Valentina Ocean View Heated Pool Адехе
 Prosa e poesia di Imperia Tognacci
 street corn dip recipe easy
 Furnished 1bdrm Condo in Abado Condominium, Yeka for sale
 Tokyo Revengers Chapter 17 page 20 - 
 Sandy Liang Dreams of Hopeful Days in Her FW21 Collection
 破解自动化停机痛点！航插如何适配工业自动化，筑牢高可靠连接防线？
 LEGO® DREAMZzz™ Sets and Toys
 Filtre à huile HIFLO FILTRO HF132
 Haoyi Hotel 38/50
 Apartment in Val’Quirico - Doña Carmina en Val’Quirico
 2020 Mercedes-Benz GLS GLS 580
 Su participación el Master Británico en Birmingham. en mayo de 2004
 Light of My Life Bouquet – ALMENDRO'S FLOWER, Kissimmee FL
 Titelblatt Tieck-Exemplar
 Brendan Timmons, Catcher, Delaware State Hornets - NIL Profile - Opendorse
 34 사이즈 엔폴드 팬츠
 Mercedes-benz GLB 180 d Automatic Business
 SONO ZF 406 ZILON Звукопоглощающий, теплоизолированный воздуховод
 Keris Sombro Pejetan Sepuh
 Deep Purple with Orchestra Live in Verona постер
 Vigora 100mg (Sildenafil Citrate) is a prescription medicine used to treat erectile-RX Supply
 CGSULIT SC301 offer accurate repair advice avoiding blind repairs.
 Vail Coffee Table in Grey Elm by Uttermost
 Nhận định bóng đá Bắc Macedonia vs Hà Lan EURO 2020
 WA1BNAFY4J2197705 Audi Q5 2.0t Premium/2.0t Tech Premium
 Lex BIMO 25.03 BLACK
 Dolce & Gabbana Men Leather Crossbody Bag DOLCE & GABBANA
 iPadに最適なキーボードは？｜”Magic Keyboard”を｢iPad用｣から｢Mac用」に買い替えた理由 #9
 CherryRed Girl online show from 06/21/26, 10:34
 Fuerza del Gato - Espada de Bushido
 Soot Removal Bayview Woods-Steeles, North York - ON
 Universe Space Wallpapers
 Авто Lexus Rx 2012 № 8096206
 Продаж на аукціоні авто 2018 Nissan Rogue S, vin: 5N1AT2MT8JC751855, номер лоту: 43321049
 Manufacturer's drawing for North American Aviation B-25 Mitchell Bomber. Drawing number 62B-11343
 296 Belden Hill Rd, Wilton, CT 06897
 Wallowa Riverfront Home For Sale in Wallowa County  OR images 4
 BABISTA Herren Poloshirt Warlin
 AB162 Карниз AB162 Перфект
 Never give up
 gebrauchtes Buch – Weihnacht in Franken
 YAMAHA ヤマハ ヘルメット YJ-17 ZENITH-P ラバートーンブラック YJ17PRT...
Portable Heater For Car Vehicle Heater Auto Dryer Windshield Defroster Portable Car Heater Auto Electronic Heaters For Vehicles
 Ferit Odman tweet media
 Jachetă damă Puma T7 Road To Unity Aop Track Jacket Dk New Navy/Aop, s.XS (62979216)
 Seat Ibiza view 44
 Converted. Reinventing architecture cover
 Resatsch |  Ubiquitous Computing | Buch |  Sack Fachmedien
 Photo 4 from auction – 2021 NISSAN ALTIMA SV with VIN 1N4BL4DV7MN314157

• • •

Exercise: Taking the entries above, write out exactly the lines starting with the line containing "破解自动化停机痛点！航插如何适配工业自动化，筑牢高可靠连接防线？" and going on through the line containing "YAMAHA ヤマハ ヘルメット", both included, and nothing else.

Response:
 破解自动化停机痛点！航插如何适配工业自动化，筑牢高可靠连接防线？
 LEGO® DREAMZzz™ Sets and Toys
 Filtre à huile HIFLO FILTRO HF132
 Haoyi Hotel 38/50
 Apartment in Val’Quirico - Doña Carmina en Val’Quirico
 2020 Mercedes-Benz GLS GLS 580
 Su participación el Master Británico en Birmingham. en mayo de 2004
 Light of My Life Bouquet – ALMENDRO'S FLOWER, Kissimmee FL
 Titelblatt Tieck-Exemplar
 Brendan Timmons, Catcher, Delaware State Hornets - NIL Profile - Opendorse
 34 사이즈 엔폴드 팬츠
 Mercedes-benz GLB 180 d Automatic Business
 SONO ZF 406 ZILON Звукопоглощающий, теплоизолированный воздуховод
 Keris Sombro Pejetan Sepuh
 Deep Purple with Orchestra Live in Verona постер
 Vigora 100mg (Sildenafil Citrate) is a prescription medicine used to treat erectile-RX Supply
 CGSULIT SC301 offer accurate repair advice avoiding blind repairs.
 Vail Coffee Table in Grey Elm by Uttermost
 Nhận định bóng đá Bắc Macedonia vs Hà Lan EURO 2020
 WA1BNAFY4J2197705 Audi Q5 2.0t Premium/2.0t Tech Premium
 Lex BIMO 25.03 BLACK
 Dolce & Gabbana Men Leather Crossbody Bag DOLCE & GABBANA
 iPadに最適なキーボードは？｜”Magic Keyboard”を｢iPad用｣から｢Mac用」に買い替えた理由 #9
 CherryRed Girl online show from 06/21/26, 10:34
 Fuerza del Gato - Espada de Bushido
 Soot Removal Bayview Woods-Steeles, North York - ON
 Universe Space Wallpapers
 Авто Lexus Rx 2012 № 8096206
 Продаж на аукціоні авто 2018 Nissan Rogue S, vin: 5N1AT2MT8JC751855, номер лоту: 43321049
 Manufacturer's drawing for North American Aviation B-25 Mitchell Bomber. Drawing number 62B-11343
 296 Belden Hill Rd, Wilton, CT 06897
 Wallowa Riverfront Home For Sale in Wallowa County  OR images 4
 BABISTA Herren Poloshirt Warlin
 AB162 Карниз AB162 Перфект
 Never give up
 gebrauchtes Buch – Weihnacht in Franken
 YAMAHA ヤマハ ヘルメット YJ-17 ZENITH-P ラバートーンブラック YJ17PRT...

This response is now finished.